In short, Sunday’s corn-roast confrontation and its online aftermath failed to produce a clear and satisfying winner and loser, but there is every likelihood there will be many rematches. Both sides are far too invested in the narrative they pursued this week to stop this fight before it goes many rounds.

Even though he’s reluctant to pick up the tab for his convictions and is now compulsively appointing new ministers to the file every few hours, Trudeau really does believe there can be no legitimate questioning of his policy. The revelation that his interrogator on Sunday was straight from Central Casting will only embolden him in this conviction. And if Scheer had a tweetstorm ready to go, in both official languages, after the corn roast, it’s because he believes he has identified a central weakness of this Liberal government:

I admit that I too have noticed a quality of moral preening throughout much of this government’s work. It’s perhaps the clearest distinction between the last long era of Liberal power, Jean Chrétien’s, and this one. And I think it betrays a misreading of the 2015 election result.
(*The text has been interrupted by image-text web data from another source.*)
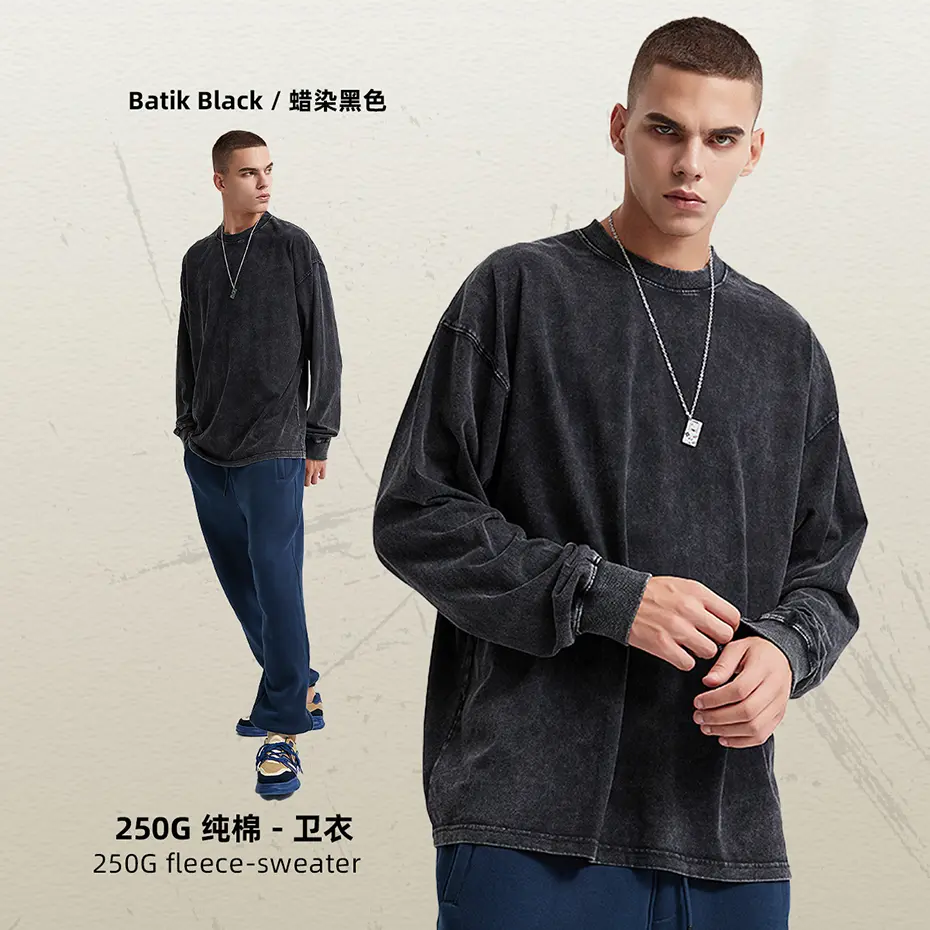 Vintage Wax Printing T-shirts Men Streetwear Harajuku Hip Hop Oversized T-shirts Loose Casual Long Sleeve Tee Tops Tshirts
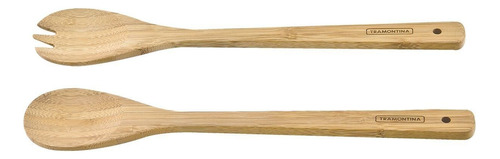 Juego de tenedor y cuchara Tramontina Utilínea de bambú natural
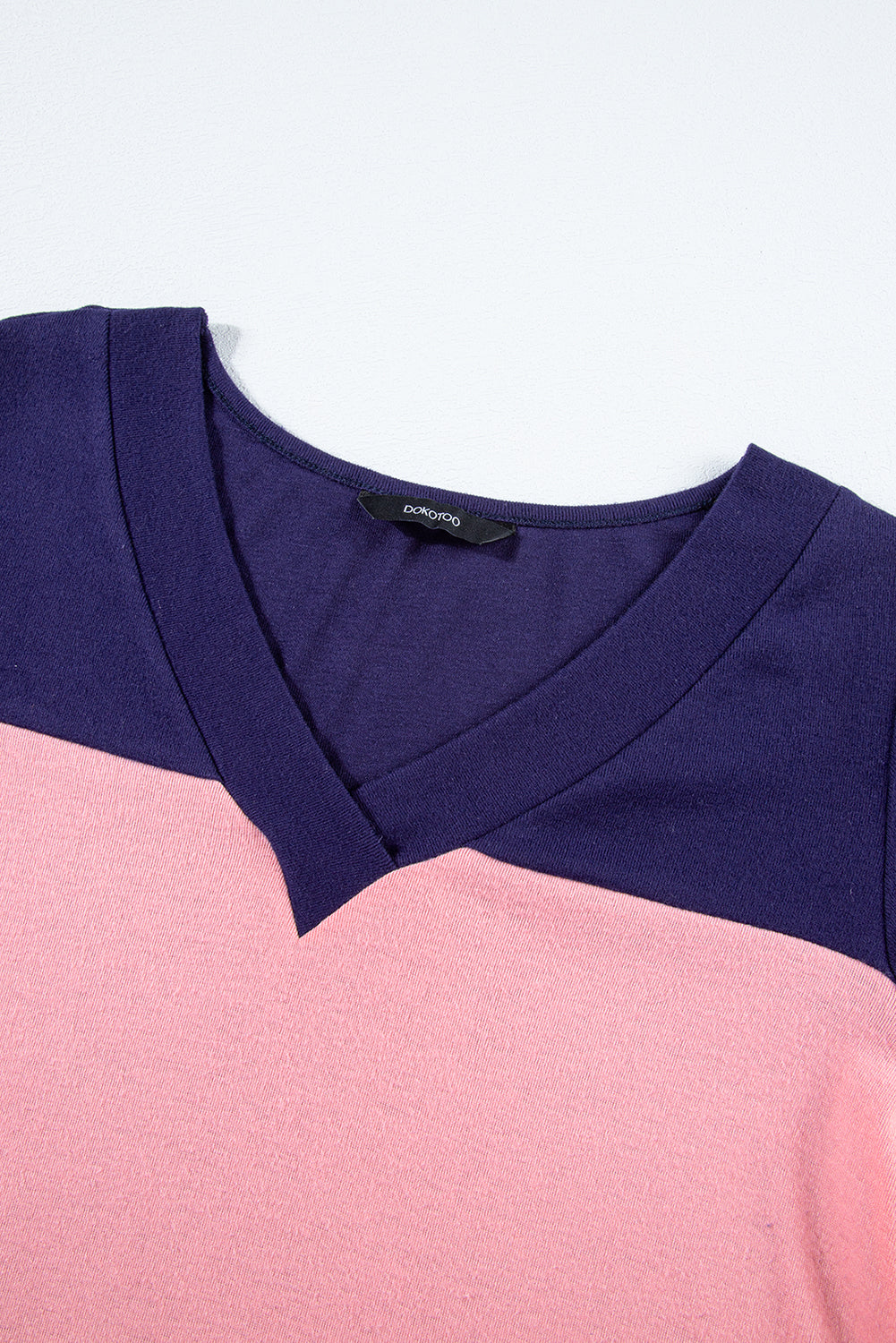 Blue Stripe Colorblock V Neck Top. GCollection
By 2015, Stephen Harper had stopped trying to govern for all Canadians, including those who might disagree with him, and was governing pretty much full-time for true believers. The turning point came, perhaps, in early 2012 when the Harper government sought to legalize the tax-court harassment of NGOs that dared oppose pipeline construction.

By 2015, a segment of the electorate was tired of being told they were the wrong kind of Canadians with the wrong kind of opinions, and they were eager for a government that would do less of that. Some of those voters will be sad to learn they’ve replaced one flavour of stool-pigeon government with another.

It remains to be seen whether they’ll find any of the alternatives to Trudeau more believably laissez-faire. What’s already a near-certainty is that the Scheer Conservatives and Trudeau Liberals will be unable to resist fighting culture skirmishes instead of sticking with less exciting themes, like program design and responsible fiscal management.